Decision guide

Choosing a classification algorithm

Clarex ships three ways to predict a category — LightGBM classification, Logistic regression, and Random forest classification. All three take feature columns, train on a random hold-out split, handle binary and multi-class targets, and report the same metric set (accuracy, precision / recall / F1, ROC AUC, confusion matrix). What differs is how each one draws the boundary between classes — and how much it can tell you afterwards.

As with regression, the short version: start linear, go to trees when linear isn't enough.

At a glance

Algorithm	Decision boundary	Interpretability	Categorical features	Tuning
Logistic regression	Linear	High — readable coefficients	One-hot, automatic	Minimal
Random forest classification	Non-linear	Low — importance ranking only	One-hot, automatic	Minimal
LightGBM classification	Non-linear	Low — importance ranking only	Native categorical splits	Moderate

Start with logistic regression

Logistic regression is the right first classifier almost every time. It fits a linear boundary between classes, trains instantly, and — because the features are standardized before the fit — its coefficients are roughly comparable, so you can read which features push a row toward which class. Even when you expect to need a tree model, logistic regression is the baseline that tells you whether the tree model is earning its complexity.

Its limit is in the name: the boundary is linear. If classes are separated by a curved or interaction-driven boundary, logistic regression can't bend to fit it — and a categorical feature with hundreds of values becomes hundreds of one-hot columns. When accuracy lags a tree model badly, that is usually why.

When to go non-linear

Reach for a tree-based classifier when the linear boundary leaves accuracy on the table.

Random forest classification averages many independent decision trees (bagging). It is the robust, low-effort option — solid defaults, no learning rate, hard to overfit badly. Pick it when you want non-linear accuracy with almost no tuning. One caveat: its predicted probabilities rank well but are pulled toward the middle, so trust the ranking (and ROC AUC) over the raw numbers.
LightGBM classification builds trees sequentially, each correcting the last (boosting). On well-behaved tabular data it usually reaches the highest accuracy of the three, and it splits on categorical columns natively — a real edge when you have high-cardinality categories. The trade-off is more tuning: a learning rate and tree-complexity settings that interact.

Between the two trees: random forest to set-and-forget; LightGBM for peak accuracy or messy high-cardinality categoricals.
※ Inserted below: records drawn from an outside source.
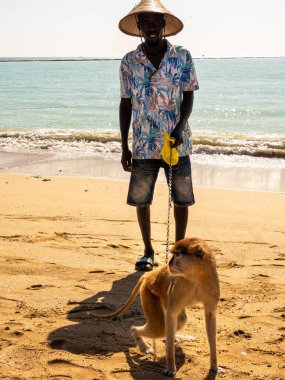 Bour, Senegal - Ocak CIRCA, 2022. Plajda şapkası olan kimliği belirsiz bir adamın maymununu evcil bir hayvan gibi dizginlediği sahne. Maymunlar, vahşi ya da evcil hayvanlar.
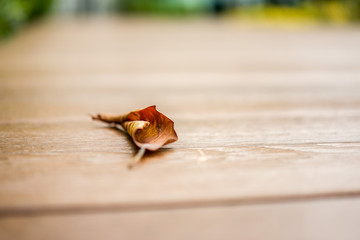 close up lonely and alone dried leaf on the wooden floor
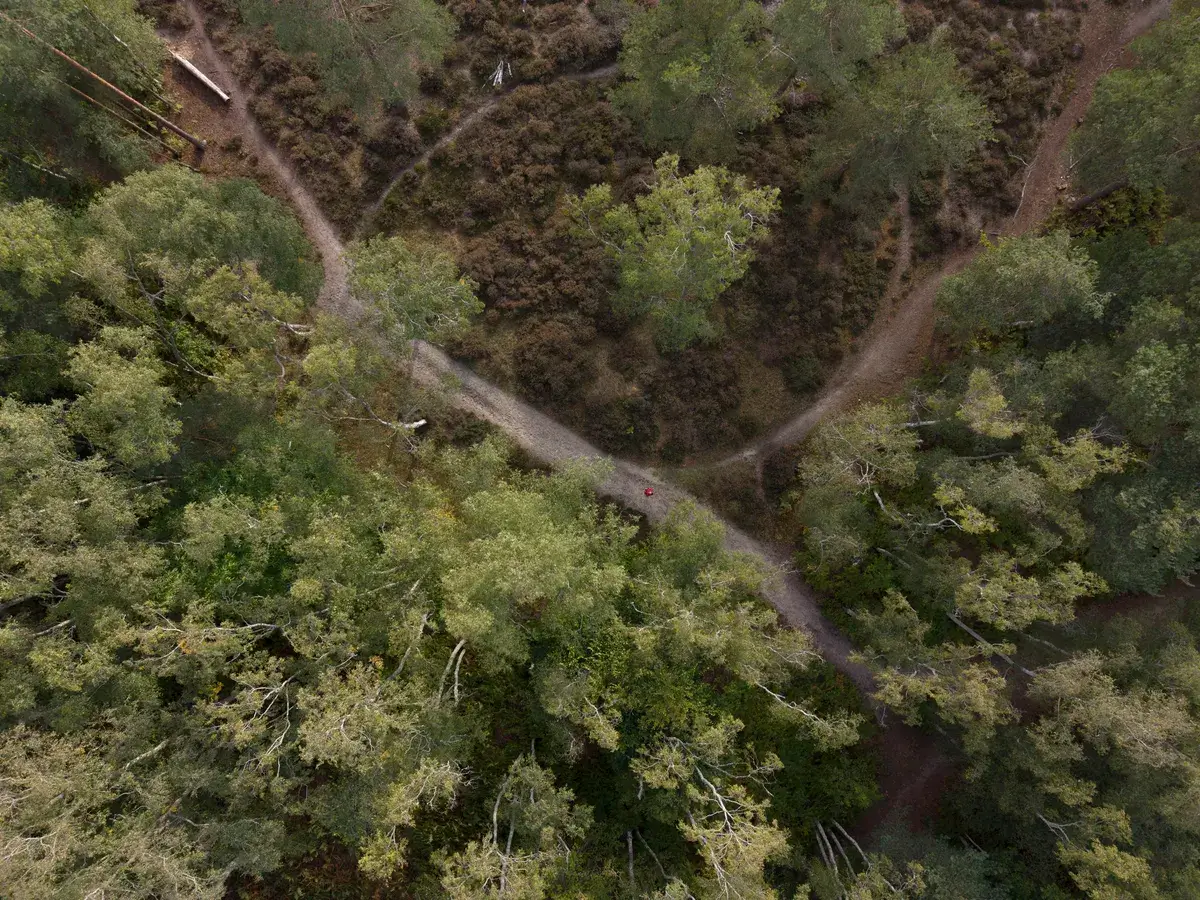 DJI Mini 5 Pro 样张：林地鸟瞰图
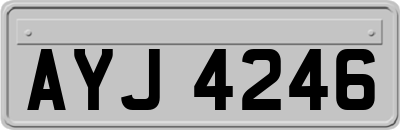 AYJ4246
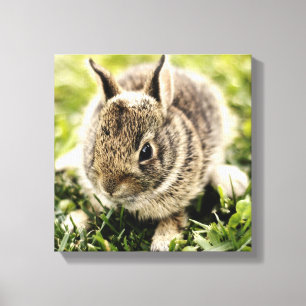 Toile Lapin bébé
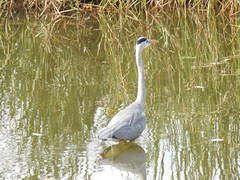 Ardea cinerea
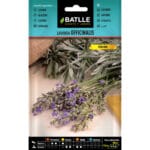 LAVANDA OFFICINALIS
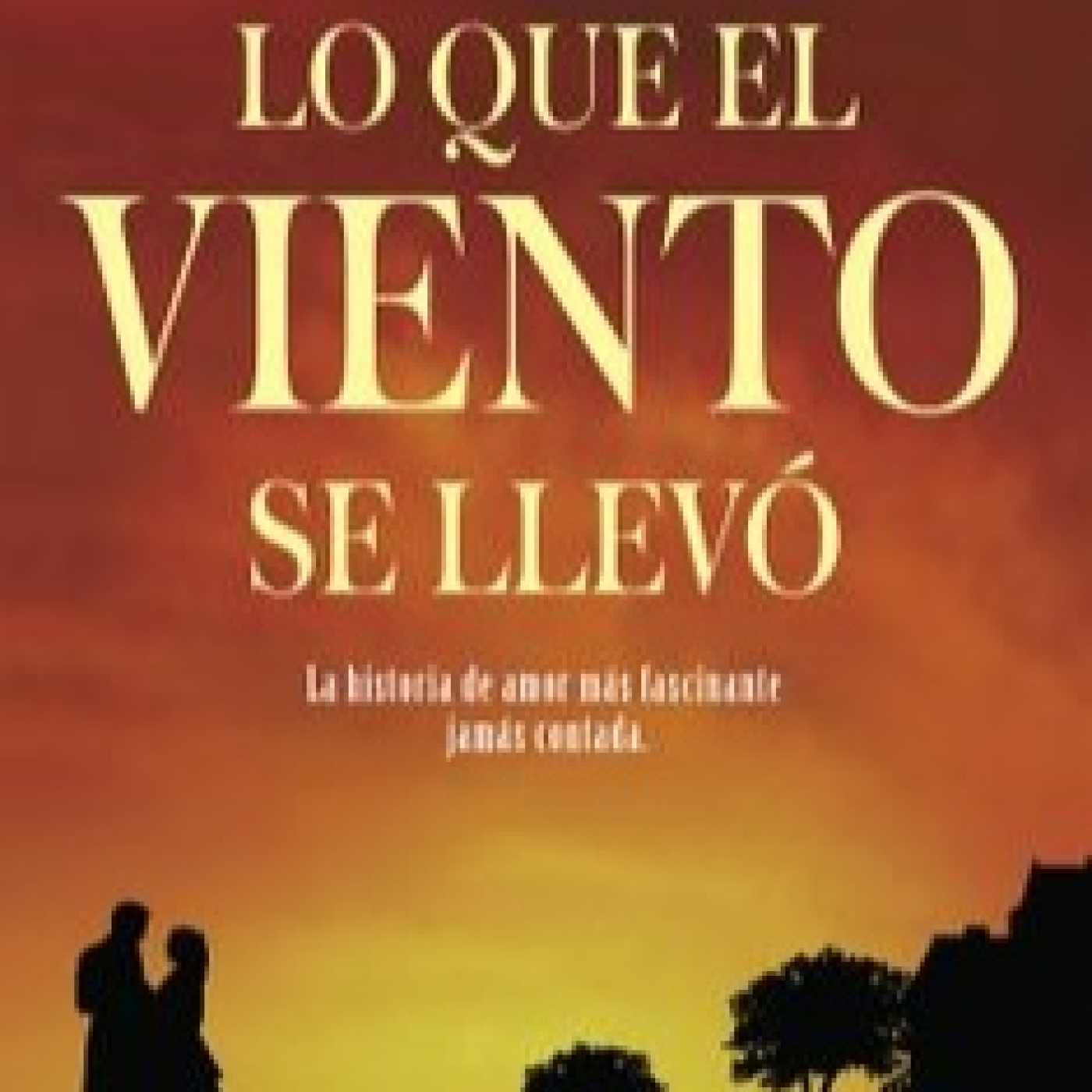 Disfrutando Leyendo
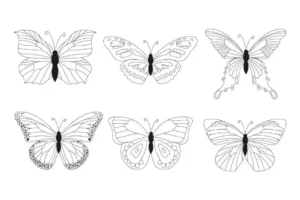 Free Butterfly Picture To Color In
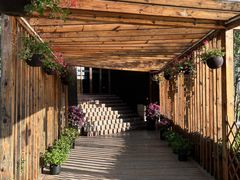 -北京云瑧金陵莲花酒店·莲·川小馆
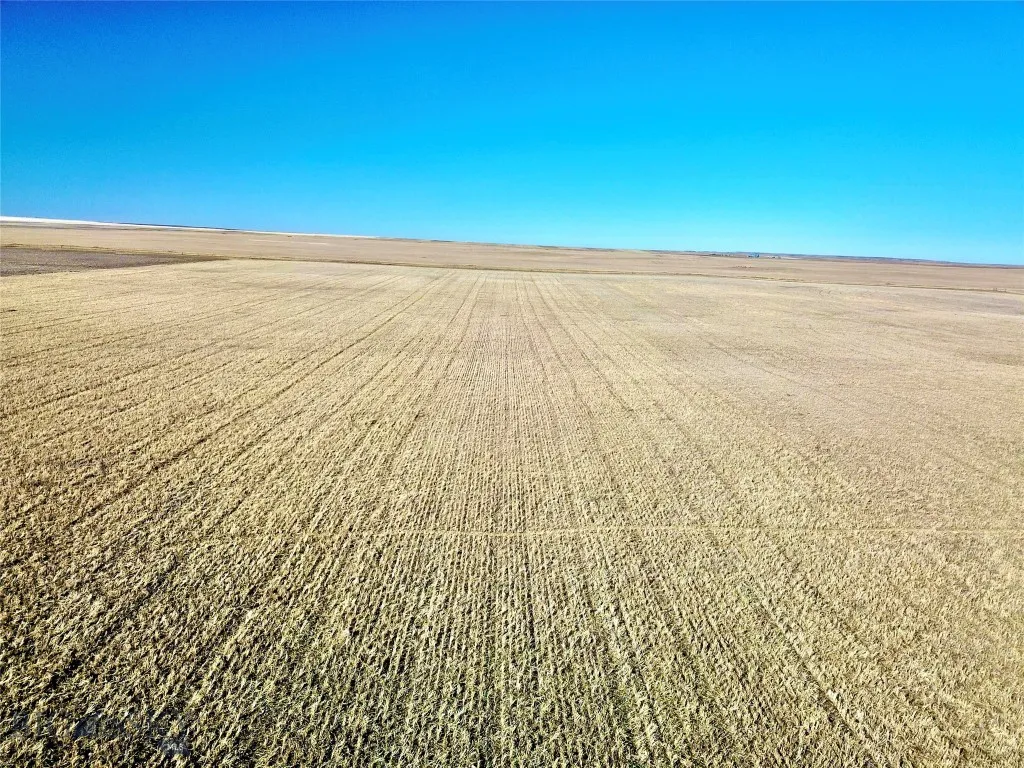 0 Road 220 N, Havre, Montana 59501, Havre, Montana 59501, ,Land,For Sale,0 Road 220 N, Havre, Montana 59501,0,409302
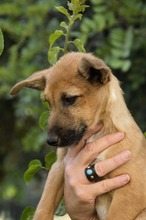IDEFIX, Hund, Mischling in Spanien - Bild 5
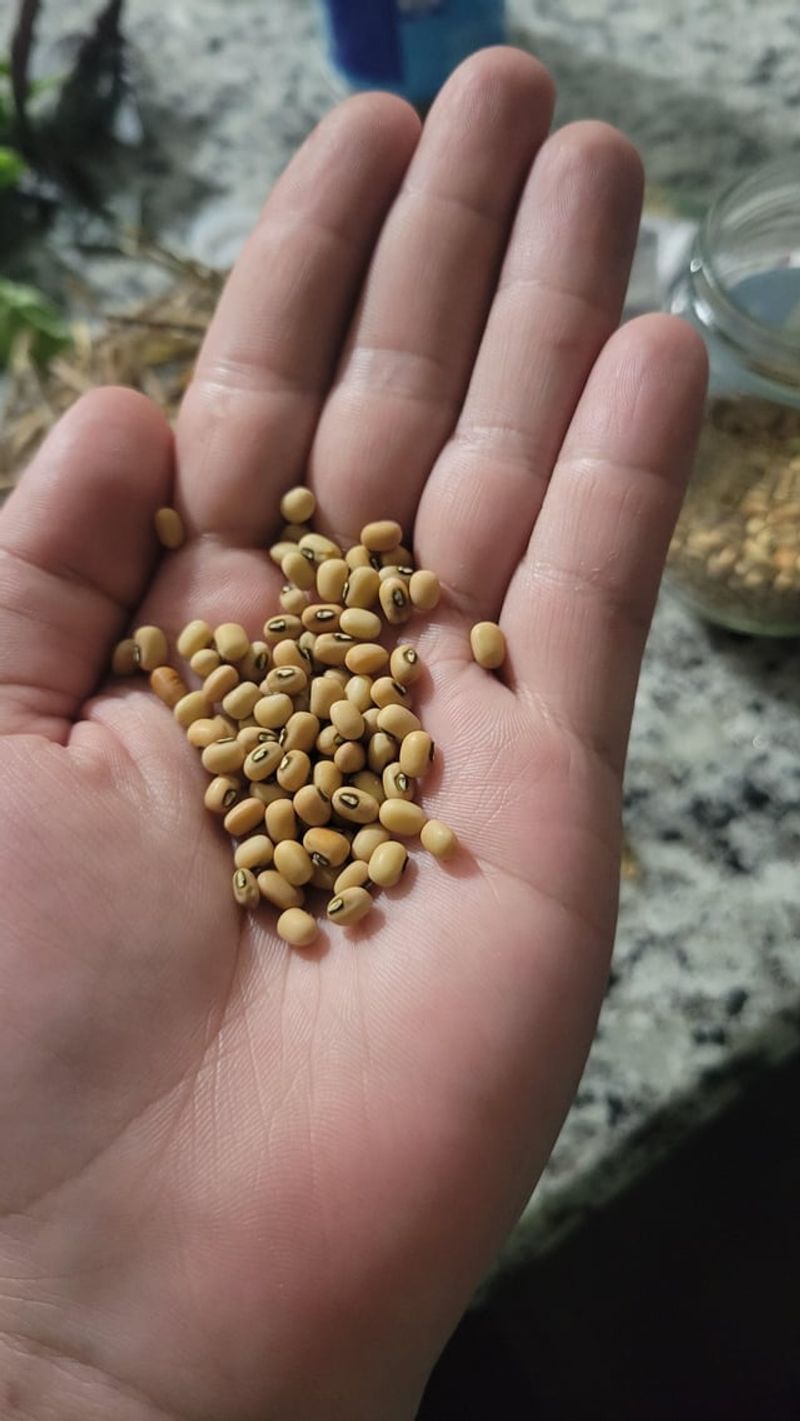 Pick the Right Chickpea Variety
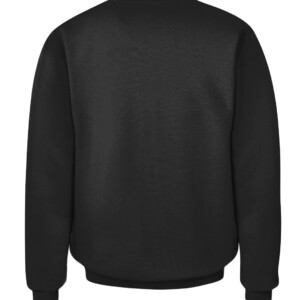 e8ef1c199381dfe347310864cefefe CACS black back.jpg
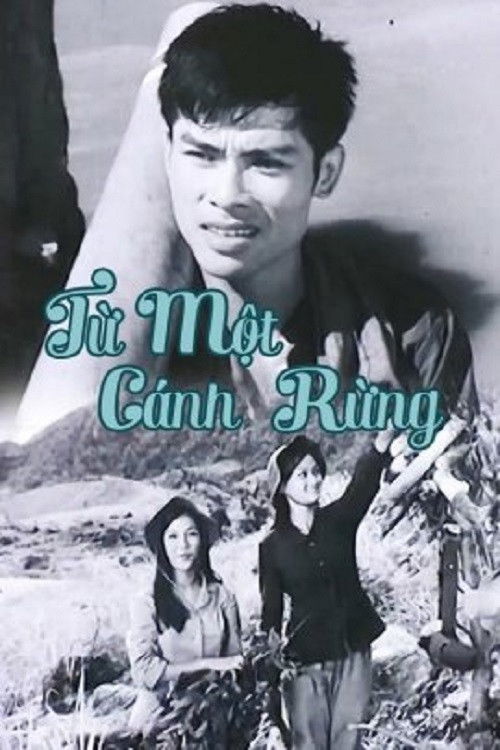 Từ Một Cánh Rừng (1978) poster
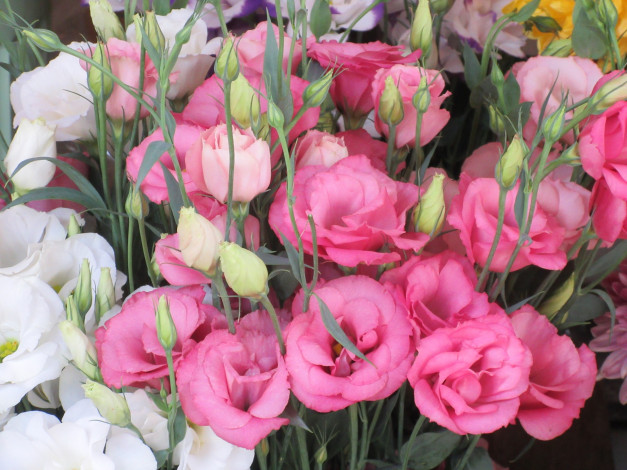 Обои картинки фото цветы, эустома, розовые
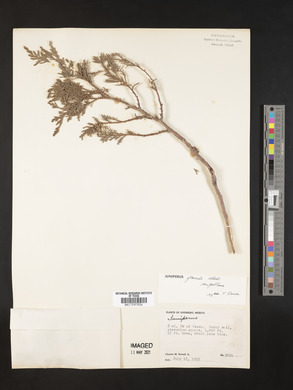 Juniperus poblana image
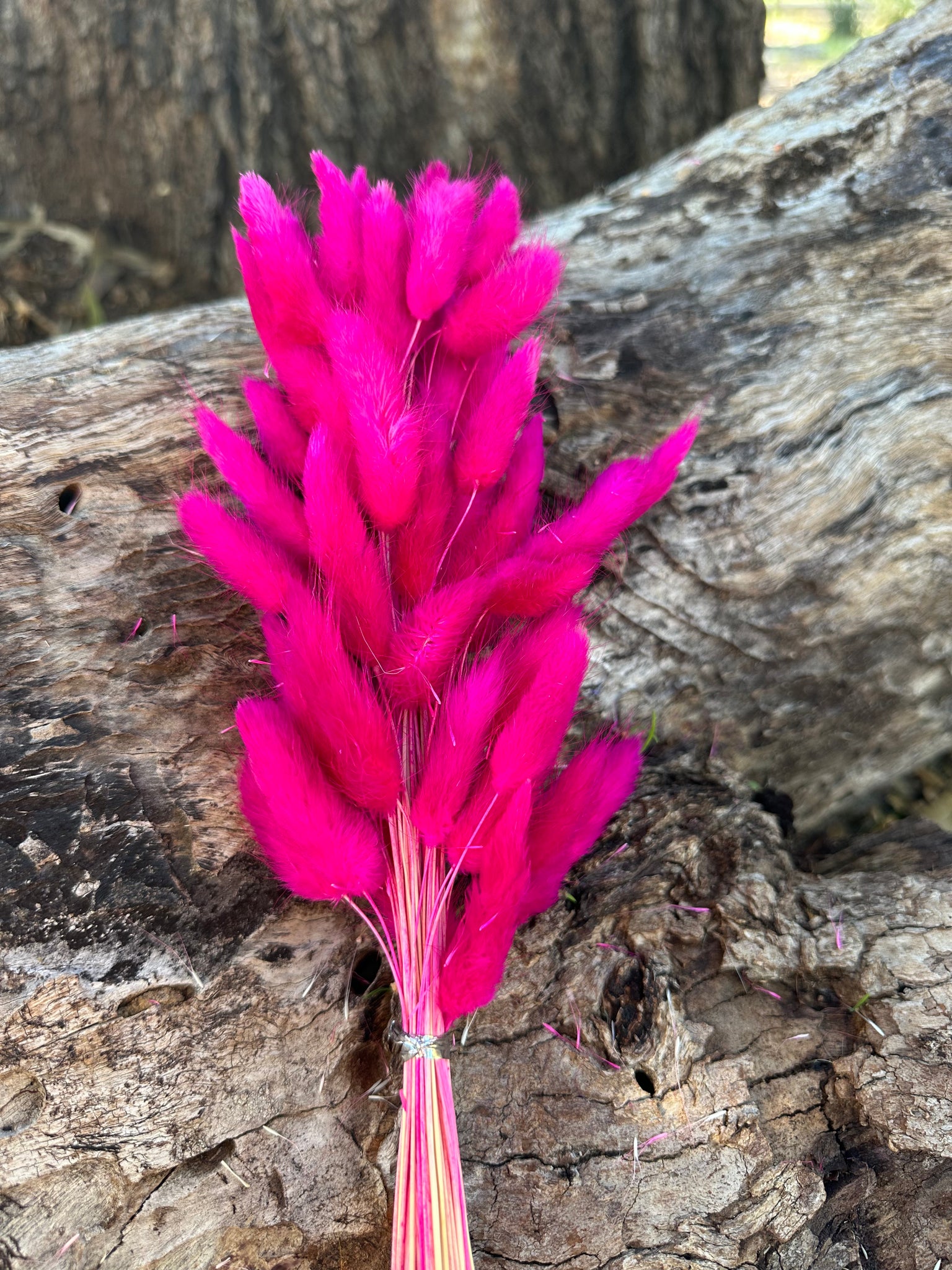 Bunny Tails/Pussy Tails - Fuchsia Pink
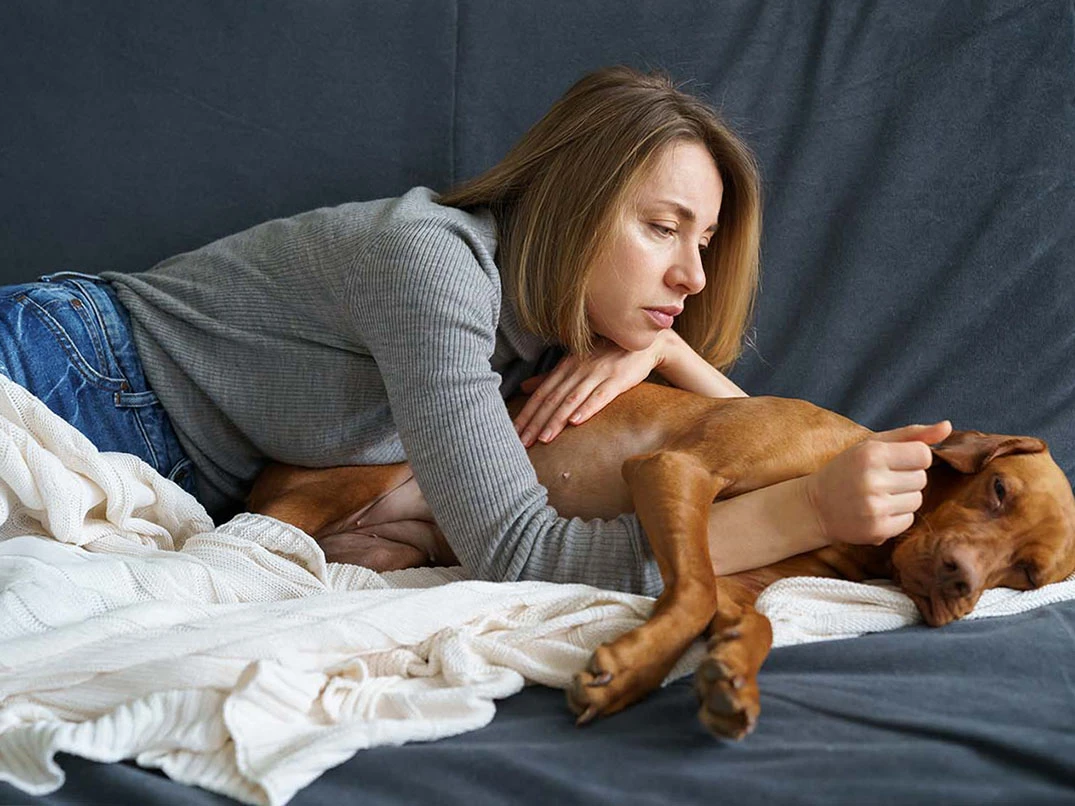 Köpeklerde En Sık Görülen Mide Problemleri ve Tedavisi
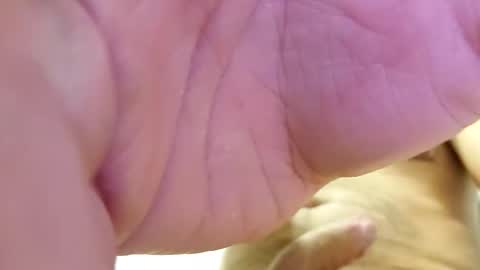 raidehot online show from 21, 10, 2025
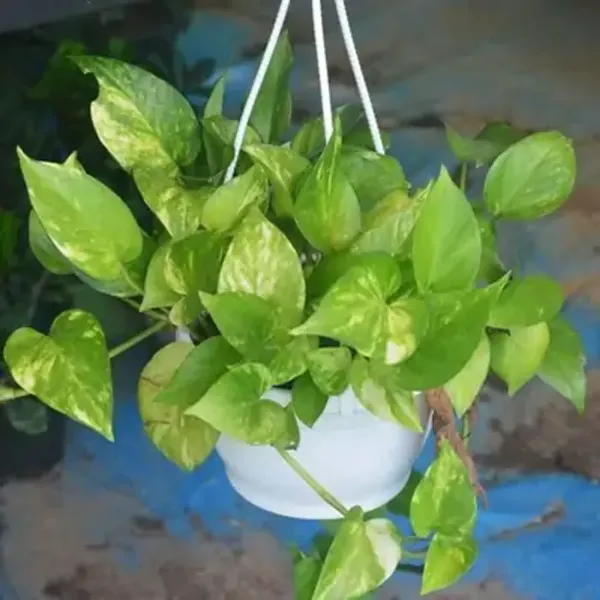 Green_Premium_Perfect_For_Adding_Beauty_Money_Plant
A note on imbalanced classes

If one class is rare (fraud, churn, defects), accuracy alone is misleading — a model that always predicts the majority class can still score 95%. Watch precision, recall, and ROC AUC, and read the confusion matrix. Logistic regression and random forest both accept class_weight="balanced"; LightGBM accepts is_unbalance: true. And use a stratified split so the rare class is present in both the train and test halves.

Rules of thumb

Always run logistic regression first — it's free and it sets the bar.
Need to explain the prediction? Logistic regression's coefficients explain why; tree importances only rank what mattered.
Lots of high-cardinality categorical features? LightGBM handles them natively; the others one-hot every level.
Want non-linear accuracy with no tuning? Random forest.
Chasing the last few points of accuracy? LightGBM, with some tuning.
Rare, important class? Watch recall and ROC AUC, set the class weighting, and use a stratified split.